Author: Editorial
Publication: The Pioneer
Date: May 22, 2001
In yet another outrageous act, Afghanistan's
fundamentalist Islamic regime has prescribed measures that would further
isolate the country's Hindu minority and severely restrict their rights.
Hindus will now have to wear a yellow cloth to identify themselves and
also follow the Islamic shariat code.
Each Hindu household has to display
a two-metre long yellow cloth to distinguish itself. Hindus and Muslims
cannot live in the same house. Dress codes have been prescribed for Hindu
men and women to make them stand apart from the rest of the population.
Hindus cannot keep arms; nor can they rebuild their destroyed places of
worship. These measures, which tend to reduce Hindus to the status of second
class citizens, do not, however, come as a surprise. One could hardly have
expected anything else from a militia of near savages who have reduced
women to domestic slavery and destroyed Buddha statues which constitute
a priceless part of the world's artistic and cultural heritage. What is
surprising is that the entire civilised world has watched in utter helplessness
as a few thousand armed fanatics and their utterly perverse and warped
mentors have continued to trample upon everything that a modern civilised
order stands for. Nor has it been able to curb the drug trafficking they
have been carrying on to fill their coffers and undermine the mental and
physical health of western countries, including the United States.
The world has been equally powerless
in the matter of compelling the Taliban regime to hand over the notorious
terrorist, Osama bin Laden, who lives in Aghanistan as the government's
guest, to stand trial. It is not that the West has done nothing. Bomb explosions
in front of US embassies in Dar-e-Salam in Tanzania and Nairobi in Kenya
on August 7, 1998, were followed by US cruise missile attacks on terrorist
bases and training camps in Afghanistan later that month. Refusal to hand
over Osama bin Laden has prompted the United Nations to impose tough sanctions.

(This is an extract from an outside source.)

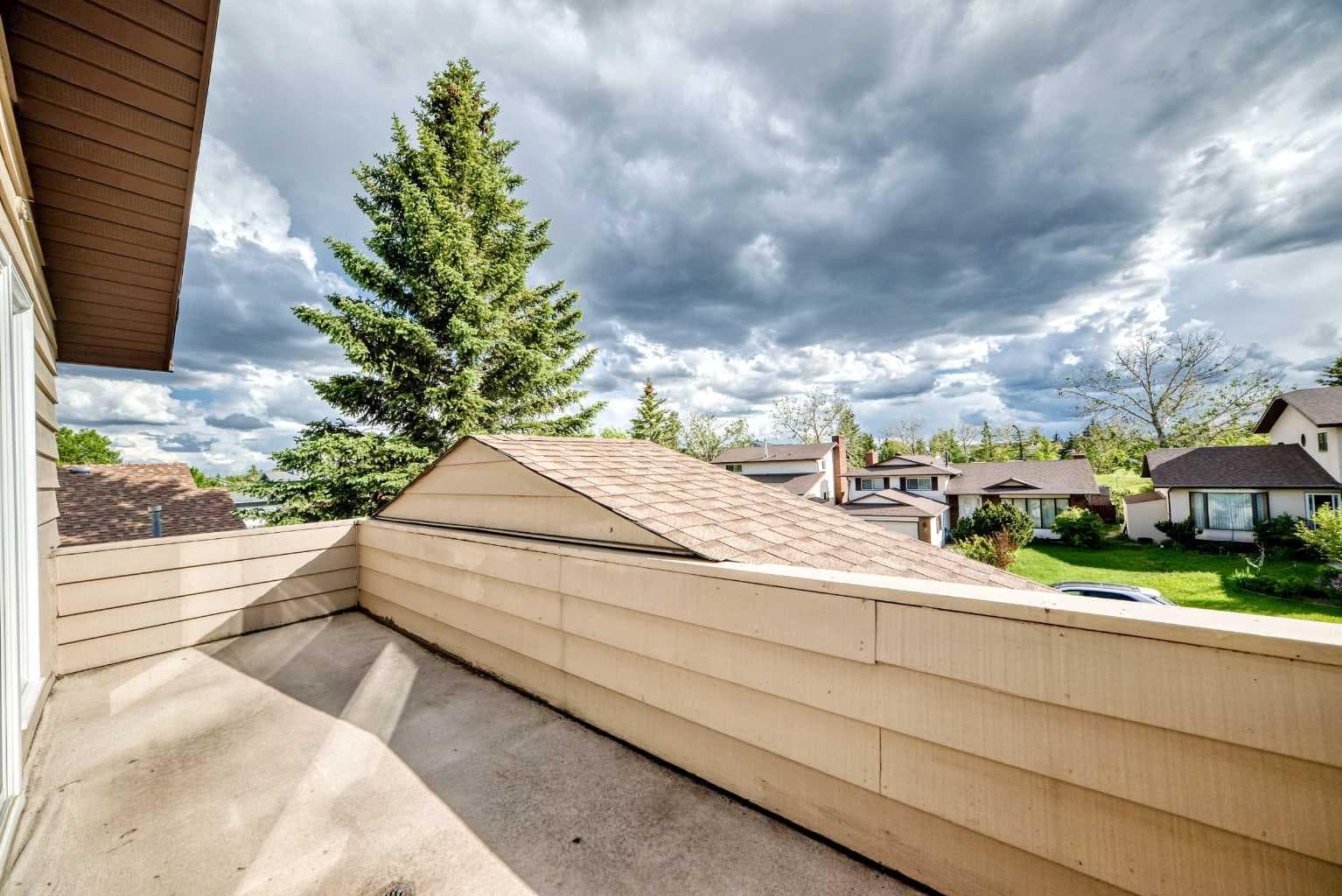 88 Castlefall Way NE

These, a severe drought and continued warfare, have shattered Afghanistan's
economy leading to the continued migration of hundreds of thousands of
people to Pakistan, Iran and central Asian countries. Notwithstanding all
this, the Taliban continue in power because they have absolutely no concern
for the plight of the people whom they are supposed to govern and continue
to receive critical military and financial support from Pakistan without
which they cannot exist.
Until now, the West has been handling
Pakistan with kid gloves. The time has come to act tough with both Pakistan
and Afghanistan. It is not just a question of coming to the rescue of the
people of the latter, including Hindus, who are suffering unmitigated misery.

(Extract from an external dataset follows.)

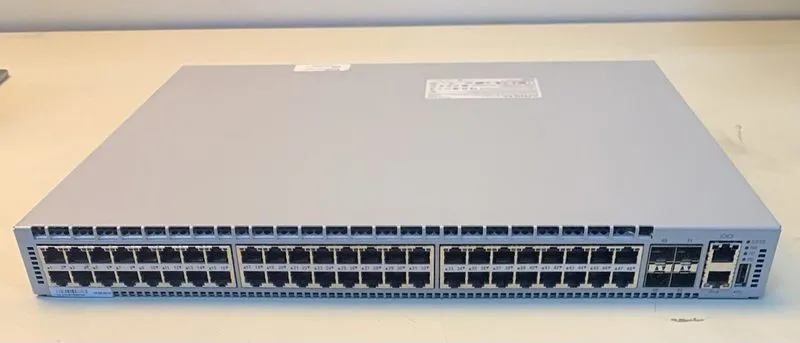 Коммутатор Arista DCS-7048T-A 48-Port 1GbE RJ-45 + 4x 10GB SFP+ Ethernet Switch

It is a question of the threat that militant and violent fundamentalist
Islam, of which the Taliban constitute the vanguard, poses to Central and
South Asia and the world. It makes no secret of its resolve to spread its
variety of Islam throughout the world by the force of arms and destroy
countries like the US and India. Its appeal among the uneducated and disprivileged
in Islamic countries the world over is growing. Unless strong steps are
taken immediately to squelch it, civilised world may have to pay a very
heavy price in future.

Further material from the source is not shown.